Because many people seek to become a permanent resident through marriage, it is important to know what DHS considers a “marriage”. DHS will investigate the legal bona fides of the marriage. There are severe consequences if the DHS determines that the marriage is a sham, including permanent banishment from the United States.

What does DHS recognize as a bona fide and legitimate marriage? It is important that the marriage was not entered into for the purpose of evading the immigration laws. DHS will address the issue of “at the time of marriage, did the bride and groom intend to establish a life together?” If they did, the marriage is bona fide. The examining officer will look to the conduct of the parties after the marriage to prove their intent at the time of its inception, i.e. are the couple are living together, do they jointly own property, are they are conducting themselves as husband and wife. When the DHS suspects that fraud exists, the officer will request a field investigation. The investigation can include such things as early morning or late night home visits and interviews with neighbors and friends. DHS will also check with the employer, the Post Office, the Department of Motor Vehicles, the County Registrar’s Office and other government agencies.

DHS recognizes proxy marriages but is very suspicious of them. Therefore, if the marriage ceremony took place by proxy, DHS requires proof of consummation of the marriage. In other circumstances, cohabitation and consummation are not absolutely necessary. For example, elderly couples who have separate bedrooms may still have a valid marriage for immigration purposes.

The intent of the couple is not the only test of the validity of the marriage. It must also be legitimate. There are many considerations for whether a marriage is legitimate. The marriage must be valid at its inception under the laws of the place where the marriage took place. If a state or country recognizes common law marriage, the marriage is valid for immigration purposes. Some marriages are not automatically invalid but may be if one of the parties raises the issue. An example of this is where one of the parties was a minor at the time the marriage took place. Such a marriage is voidable by the minor until after he or she reaches majority. If the marriage is not void, but voidable, the marriage may be recognized for immigration purposes.

The legality at the place and time of inception is not the only concern. The marriage cannot be contrary to public policy. Therefore, even though polygamy is valid in some countries, a polygamous marriage is not valid in the United States. All prior marriages must have been terminated before the parties entered into the current marriage. For the same reason, although some states may recognize homosexual marriages, DHS does not.

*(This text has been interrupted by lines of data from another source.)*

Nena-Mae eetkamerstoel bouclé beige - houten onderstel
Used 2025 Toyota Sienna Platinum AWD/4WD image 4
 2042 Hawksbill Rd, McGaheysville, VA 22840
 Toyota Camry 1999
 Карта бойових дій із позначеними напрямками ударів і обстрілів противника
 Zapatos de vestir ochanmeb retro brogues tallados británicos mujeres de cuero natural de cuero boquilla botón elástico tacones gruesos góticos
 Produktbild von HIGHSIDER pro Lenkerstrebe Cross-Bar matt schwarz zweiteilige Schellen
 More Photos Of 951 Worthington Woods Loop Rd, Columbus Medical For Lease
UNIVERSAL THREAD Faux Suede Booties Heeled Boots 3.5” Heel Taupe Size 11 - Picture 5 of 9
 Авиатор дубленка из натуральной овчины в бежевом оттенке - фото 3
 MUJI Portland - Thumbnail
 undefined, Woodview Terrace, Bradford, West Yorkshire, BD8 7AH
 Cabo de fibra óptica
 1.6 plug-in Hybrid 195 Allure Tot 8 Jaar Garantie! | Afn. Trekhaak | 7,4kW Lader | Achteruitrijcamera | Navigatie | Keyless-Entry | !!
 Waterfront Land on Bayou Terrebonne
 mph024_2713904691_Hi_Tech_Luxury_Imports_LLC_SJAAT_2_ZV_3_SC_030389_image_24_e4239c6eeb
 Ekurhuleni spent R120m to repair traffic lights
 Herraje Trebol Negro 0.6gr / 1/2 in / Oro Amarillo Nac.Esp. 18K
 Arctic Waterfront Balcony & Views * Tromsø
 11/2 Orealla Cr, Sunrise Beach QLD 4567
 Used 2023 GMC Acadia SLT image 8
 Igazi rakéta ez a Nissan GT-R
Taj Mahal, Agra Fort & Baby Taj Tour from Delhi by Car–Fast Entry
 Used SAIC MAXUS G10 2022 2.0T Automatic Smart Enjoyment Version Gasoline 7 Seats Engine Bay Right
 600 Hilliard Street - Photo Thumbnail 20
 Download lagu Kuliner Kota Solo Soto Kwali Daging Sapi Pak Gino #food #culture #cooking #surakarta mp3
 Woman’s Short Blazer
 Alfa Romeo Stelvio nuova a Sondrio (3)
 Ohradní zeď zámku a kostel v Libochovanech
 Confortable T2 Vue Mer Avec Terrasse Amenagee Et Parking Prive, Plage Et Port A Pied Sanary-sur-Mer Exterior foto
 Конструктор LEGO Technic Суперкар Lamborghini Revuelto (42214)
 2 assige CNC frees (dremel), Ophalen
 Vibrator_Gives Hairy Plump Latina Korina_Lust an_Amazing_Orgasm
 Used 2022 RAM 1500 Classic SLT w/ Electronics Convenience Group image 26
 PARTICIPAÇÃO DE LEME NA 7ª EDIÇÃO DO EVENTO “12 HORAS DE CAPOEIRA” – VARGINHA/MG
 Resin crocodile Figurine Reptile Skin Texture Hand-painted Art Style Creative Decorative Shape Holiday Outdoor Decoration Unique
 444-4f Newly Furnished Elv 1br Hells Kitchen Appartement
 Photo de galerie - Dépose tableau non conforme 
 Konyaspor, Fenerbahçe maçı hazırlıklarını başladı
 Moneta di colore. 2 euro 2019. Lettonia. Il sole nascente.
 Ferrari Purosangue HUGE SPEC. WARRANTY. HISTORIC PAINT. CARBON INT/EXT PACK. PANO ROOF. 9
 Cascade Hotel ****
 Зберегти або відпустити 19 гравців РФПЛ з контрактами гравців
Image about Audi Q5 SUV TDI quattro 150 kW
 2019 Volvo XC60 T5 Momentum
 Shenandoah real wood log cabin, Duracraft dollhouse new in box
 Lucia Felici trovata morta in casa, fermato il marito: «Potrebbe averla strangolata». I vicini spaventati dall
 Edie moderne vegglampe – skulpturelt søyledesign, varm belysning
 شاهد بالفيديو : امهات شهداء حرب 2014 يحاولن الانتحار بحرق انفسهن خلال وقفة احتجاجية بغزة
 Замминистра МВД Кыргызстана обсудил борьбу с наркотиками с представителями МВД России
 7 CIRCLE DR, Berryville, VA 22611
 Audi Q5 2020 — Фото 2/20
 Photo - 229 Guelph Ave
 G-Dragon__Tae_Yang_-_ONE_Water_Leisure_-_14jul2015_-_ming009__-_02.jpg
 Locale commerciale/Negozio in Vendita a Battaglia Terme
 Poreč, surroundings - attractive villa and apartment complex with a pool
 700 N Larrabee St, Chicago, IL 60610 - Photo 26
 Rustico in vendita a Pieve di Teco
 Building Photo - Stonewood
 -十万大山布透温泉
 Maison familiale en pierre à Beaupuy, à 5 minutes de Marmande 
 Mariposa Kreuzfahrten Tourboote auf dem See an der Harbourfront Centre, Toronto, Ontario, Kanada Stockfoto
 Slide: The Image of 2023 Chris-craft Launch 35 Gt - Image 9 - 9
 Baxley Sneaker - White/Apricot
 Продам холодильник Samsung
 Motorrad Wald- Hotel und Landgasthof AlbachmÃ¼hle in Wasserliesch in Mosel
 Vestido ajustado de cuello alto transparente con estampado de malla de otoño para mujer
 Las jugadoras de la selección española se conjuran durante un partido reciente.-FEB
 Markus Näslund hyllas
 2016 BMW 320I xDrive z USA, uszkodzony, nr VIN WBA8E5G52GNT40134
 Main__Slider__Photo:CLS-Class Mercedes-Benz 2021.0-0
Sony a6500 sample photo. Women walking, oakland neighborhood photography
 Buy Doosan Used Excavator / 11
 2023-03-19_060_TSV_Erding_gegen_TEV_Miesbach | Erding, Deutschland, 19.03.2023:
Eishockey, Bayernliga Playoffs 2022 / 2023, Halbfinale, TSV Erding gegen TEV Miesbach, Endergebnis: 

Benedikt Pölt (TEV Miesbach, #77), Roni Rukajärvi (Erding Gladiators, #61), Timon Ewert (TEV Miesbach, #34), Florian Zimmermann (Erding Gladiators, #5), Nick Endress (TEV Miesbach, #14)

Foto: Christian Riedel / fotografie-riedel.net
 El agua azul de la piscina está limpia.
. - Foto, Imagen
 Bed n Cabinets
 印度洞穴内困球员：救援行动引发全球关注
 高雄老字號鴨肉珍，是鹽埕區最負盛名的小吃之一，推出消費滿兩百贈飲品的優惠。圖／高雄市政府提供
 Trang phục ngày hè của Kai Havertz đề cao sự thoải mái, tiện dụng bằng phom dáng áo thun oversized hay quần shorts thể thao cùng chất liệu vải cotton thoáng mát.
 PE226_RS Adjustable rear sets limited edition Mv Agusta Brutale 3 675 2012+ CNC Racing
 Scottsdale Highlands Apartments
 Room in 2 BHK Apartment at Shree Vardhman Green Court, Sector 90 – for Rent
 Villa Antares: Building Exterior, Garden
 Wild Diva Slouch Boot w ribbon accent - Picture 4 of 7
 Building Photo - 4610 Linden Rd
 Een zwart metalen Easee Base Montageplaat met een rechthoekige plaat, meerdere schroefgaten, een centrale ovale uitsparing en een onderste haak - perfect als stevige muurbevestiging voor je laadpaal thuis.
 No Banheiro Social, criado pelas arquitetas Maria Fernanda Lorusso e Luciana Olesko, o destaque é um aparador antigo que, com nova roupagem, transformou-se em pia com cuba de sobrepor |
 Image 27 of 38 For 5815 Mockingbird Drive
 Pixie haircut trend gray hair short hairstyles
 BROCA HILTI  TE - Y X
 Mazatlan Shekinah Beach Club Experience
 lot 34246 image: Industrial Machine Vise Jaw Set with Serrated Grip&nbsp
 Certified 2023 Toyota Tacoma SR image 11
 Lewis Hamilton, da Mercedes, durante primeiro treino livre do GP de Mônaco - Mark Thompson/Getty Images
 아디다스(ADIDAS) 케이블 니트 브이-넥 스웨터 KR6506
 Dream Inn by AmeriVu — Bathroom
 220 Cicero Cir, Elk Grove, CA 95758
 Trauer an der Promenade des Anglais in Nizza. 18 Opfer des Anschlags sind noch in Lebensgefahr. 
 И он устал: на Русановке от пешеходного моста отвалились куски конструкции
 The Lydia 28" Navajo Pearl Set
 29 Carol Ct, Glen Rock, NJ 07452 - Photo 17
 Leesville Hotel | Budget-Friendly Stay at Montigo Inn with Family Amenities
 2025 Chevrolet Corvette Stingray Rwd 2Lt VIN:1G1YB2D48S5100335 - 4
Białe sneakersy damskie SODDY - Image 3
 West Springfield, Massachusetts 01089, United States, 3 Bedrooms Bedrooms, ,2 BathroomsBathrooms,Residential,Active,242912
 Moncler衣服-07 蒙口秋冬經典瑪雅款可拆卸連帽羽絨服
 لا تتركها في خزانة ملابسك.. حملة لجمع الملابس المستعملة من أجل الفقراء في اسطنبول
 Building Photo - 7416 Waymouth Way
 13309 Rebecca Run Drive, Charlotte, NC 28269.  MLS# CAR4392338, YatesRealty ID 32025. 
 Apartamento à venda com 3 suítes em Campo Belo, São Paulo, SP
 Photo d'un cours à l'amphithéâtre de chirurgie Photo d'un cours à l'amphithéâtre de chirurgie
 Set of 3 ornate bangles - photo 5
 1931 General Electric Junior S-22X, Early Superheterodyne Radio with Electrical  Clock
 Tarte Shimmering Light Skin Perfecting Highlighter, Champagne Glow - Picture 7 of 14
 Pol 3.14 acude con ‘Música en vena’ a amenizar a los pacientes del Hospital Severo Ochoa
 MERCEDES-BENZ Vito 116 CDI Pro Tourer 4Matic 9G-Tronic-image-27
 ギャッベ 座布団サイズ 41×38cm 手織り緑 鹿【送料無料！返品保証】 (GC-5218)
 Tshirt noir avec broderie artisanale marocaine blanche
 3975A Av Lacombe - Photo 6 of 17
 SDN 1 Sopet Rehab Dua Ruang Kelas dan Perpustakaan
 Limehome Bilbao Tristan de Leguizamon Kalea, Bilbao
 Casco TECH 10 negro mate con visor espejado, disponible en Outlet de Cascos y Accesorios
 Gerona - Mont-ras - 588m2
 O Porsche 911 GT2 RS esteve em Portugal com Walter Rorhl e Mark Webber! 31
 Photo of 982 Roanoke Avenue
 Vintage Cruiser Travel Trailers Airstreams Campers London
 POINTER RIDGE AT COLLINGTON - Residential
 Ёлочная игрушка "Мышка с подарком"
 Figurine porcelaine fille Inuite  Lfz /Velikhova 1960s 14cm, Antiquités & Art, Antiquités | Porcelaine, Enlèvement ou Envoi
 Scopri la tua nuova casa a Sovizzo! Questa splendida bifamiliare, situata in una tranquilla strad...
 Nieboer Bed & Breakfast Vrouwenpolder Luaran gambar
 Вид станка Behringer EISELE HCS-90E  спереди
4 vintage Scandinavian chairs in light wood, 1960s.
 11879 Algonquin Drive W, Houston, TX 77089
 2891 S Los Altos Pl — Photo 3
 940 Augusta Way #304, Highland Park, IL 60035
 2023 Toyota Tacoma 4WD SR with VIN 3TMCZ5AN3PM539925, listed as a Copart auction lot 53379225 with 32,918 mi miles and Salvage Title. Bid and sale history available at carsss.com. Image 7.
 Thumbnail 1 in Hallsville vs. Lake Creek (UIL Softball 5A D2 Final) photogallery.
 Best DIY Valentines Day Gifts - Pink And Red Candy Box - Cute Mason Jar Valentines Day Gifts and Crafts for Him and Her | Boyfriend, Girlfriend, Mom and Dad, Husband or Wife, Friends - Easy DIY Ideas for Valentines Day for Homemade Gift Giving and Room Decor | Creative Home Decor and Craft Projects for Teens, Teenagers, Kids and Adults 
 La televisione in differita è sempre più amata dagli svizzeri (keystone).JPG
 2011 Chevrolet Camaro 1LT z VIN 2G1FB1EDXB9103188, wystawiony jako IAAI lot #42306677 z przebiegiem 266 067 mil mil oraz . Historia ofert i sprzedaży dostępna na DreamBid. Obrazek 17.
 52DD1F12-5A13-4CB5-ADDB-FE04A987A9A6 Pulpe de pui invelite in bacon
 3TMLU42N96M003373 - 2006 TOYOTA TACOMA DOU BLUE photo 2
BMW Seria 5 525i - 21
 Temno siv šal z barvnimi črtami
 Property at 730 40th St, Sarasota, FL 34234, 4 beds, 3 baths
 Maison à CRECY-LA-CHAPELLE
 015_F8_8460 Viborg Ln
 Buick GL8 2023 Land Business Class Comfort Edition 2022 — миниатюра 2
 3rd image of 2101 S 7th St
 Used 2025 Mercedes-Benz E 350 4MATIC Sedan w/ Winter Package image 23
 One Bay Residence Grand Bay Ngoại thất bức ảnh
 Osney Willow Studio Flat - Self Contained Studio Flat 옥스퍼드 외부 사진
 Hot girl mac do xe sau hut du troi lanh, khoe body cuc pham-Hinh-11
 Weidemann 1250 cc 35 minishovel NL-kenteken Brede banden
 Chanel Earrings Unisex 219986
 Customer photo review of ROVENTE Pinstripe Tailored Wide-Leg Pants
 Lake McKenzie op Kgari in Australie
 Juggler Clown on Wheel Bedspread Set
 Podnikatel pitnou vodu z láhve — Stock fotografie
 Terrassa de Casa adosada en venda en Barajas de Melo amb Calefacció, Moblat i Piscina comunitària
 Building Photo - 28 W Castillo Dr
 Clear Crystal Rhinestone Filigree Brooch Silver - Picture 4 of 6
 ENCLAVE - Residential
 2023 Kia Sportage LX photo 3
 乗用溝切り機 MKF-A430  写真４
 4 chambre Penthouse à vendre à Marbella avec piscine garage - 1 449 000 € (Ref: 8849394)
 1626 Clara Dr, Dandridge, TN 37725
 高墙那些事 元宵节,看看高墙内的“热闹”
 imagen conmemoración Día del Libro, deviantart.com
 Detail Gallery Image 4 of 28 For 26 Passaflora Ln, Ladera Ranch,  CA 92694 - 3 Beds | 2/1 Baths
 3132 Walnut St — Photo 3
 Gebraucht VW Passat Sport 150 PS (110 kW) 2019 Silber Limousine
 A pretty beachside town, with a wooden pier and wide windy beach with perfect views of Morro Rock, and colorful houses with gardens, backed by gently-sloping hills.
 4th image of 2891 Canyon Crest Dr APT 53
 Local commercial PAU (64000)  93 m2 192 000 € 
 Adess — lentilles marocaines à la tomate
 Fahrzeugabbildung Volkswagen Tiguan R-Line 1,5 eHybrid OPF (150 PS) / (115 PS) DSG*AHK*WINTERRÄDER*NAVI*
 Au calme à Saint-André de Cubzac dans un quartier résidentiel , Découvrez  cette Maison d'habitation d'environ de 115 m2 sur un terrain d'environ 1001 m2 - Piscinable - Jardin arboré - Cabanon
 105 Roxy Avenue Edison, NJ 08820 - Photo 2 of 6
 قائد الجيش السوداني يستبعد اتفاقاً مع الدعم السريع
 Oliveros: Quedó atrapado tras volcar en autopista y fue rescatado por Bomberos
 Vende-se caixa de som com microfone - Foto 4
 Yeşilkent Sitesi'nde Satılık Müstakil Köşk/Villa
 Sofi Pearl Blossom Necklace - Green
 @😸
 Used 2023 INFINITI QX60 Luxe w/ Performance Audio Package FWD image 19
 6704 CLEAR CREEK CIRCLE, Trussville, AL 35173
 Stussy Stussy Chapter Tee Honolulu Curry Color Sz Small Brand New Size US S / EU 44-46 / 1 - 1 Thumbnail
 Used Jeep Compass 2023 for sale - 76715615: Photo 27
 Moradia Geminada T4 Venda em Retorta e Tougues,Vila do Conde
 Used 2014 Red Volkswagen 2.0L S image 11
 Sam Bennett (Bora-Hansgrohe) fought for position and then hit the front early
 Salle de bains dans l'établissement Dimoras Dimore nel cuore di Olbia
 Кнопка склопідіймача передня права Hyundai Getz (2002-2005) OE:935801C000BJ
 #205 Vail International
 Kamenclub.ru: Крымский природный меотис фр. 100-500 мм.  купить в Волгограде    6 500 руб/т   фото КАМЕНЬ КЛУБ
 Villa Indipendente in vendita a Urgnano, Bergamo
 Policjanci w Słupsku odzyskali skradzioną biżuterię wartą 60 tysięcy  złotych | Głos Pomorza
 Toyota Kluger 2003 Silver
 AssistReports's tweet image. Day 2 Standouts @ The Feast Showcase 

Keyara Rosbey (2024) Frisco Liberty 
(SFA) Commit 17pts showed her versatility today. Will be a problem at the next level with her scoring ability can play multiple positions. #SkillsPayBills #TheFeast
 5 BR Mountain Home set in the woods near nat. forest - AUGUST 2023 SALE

If the parties had the requisite intent and the marriage is valid in the place where it was entered into and it does not violate public policy, it is valid for immigration purposes. If no legal separation or dissolution of marriage has been obtained at the time of the petition, the INS cannot deny the petition simply because the parties are not subsequently living together. Moreover, subsequent conduct of the parties, no matter how unconventional, does not prove lack of marital intent. Even the death of a spouse does not automatically result in the termination of the petition if the DHS finds that, for humanitarian reasons, revocation would be improper.

While the marriage petition itself may seem very simple, the case can be very complex. The documentation must be very thorough and should anticipate all questions that DHS will entertain about the case. For that reason, persons intending to file a marriage petition should consult an attorney who is experienced in immigration law to assist them in obtaining this immigration benefit.